“Annushka, dear, what am I to do?” said Anna, sobbing and sinking helplessly into a chair.
“Why fret yourself so, Anna Arkadyevna? Why, there’s nothing out of the way. You drive out a little, and it’ll cheer you up,” said the maid.
“Yes, I’m going,” said Anna, rousing herself and getting up. “And if there’s a telegram while I’m away, send it on to Darya Alexandrovna’s...but no, I shall be back myself.”
“Yes, I mustn’t think, I must do something, drive somewhere, and most of all, get out of this house,” she said, feeling with terror the strange turmoil going on in her own heart, and she made haste to go out and get into the carriage.
“Where to?” asked Pyotr before getting onto the box.

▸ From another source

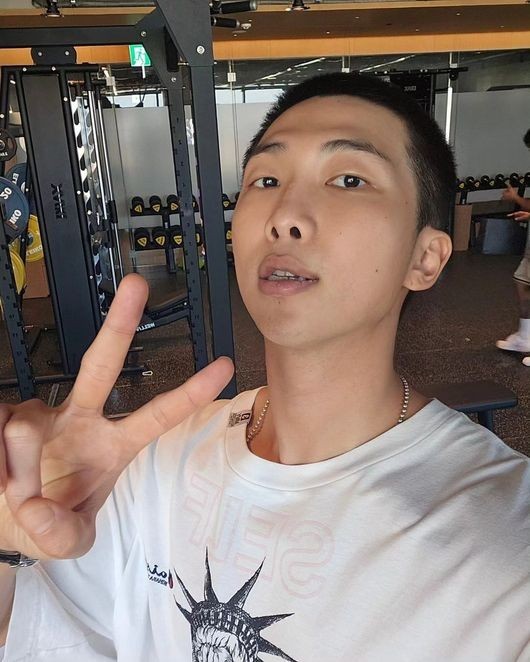 '입대' 방탄소년단 RM "기어이 그날 오고야 말아…미래에서 만나자"[....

“To Znamenka, the Oblonskys’.”
It was bright and sunny. A fine rain had been falling all the morning, and now it had not long cleared up. The iron roofs, the flags of the roads, the flints of the pavements, the wheels and leather, the brass and the tinplate of the carriages—all glistened brightly in the May sunshine. It was three o’clock, and the very liveliest time in the streets.
As she sat in a corner of the comfortable carriage, that hardly swayed on its supple springs, while the grays trotted swiftly, in the midst of the unceasing rattle of wheels and the changing impressions in the pure air, Anna ran over the events of the last days, and she saw her position quite differently from how it had seemed at home. Now the thought of death seemed no longer so terrible and so clear to her, and death itself no longer seemed so inevitable. Now she blamed herself for the humiliation to which she had lowered herself. “I entreat him to forgive me. I have given in to him. I have owned myself in fault. What for? Can’t I live without him?” And leaving unanswered the question how she was going to live without him, she fell to reading the signs on the shops. “Office and warehouse. Dental surgeon. Yes, I’ll tell Dolly all about it. She doesn’t like Vronsky. I shall be sick and ashamed, but I’ll tell her. She loves me, and I’ll follow her advice. I won’t give in to him; I won’t let him train me as he pleases. Filippov, bun shop. They say they send their dough to Petersburg. The Moscow water is so good for it. Ah, the springs at Mitishtchen, and the pancakes!”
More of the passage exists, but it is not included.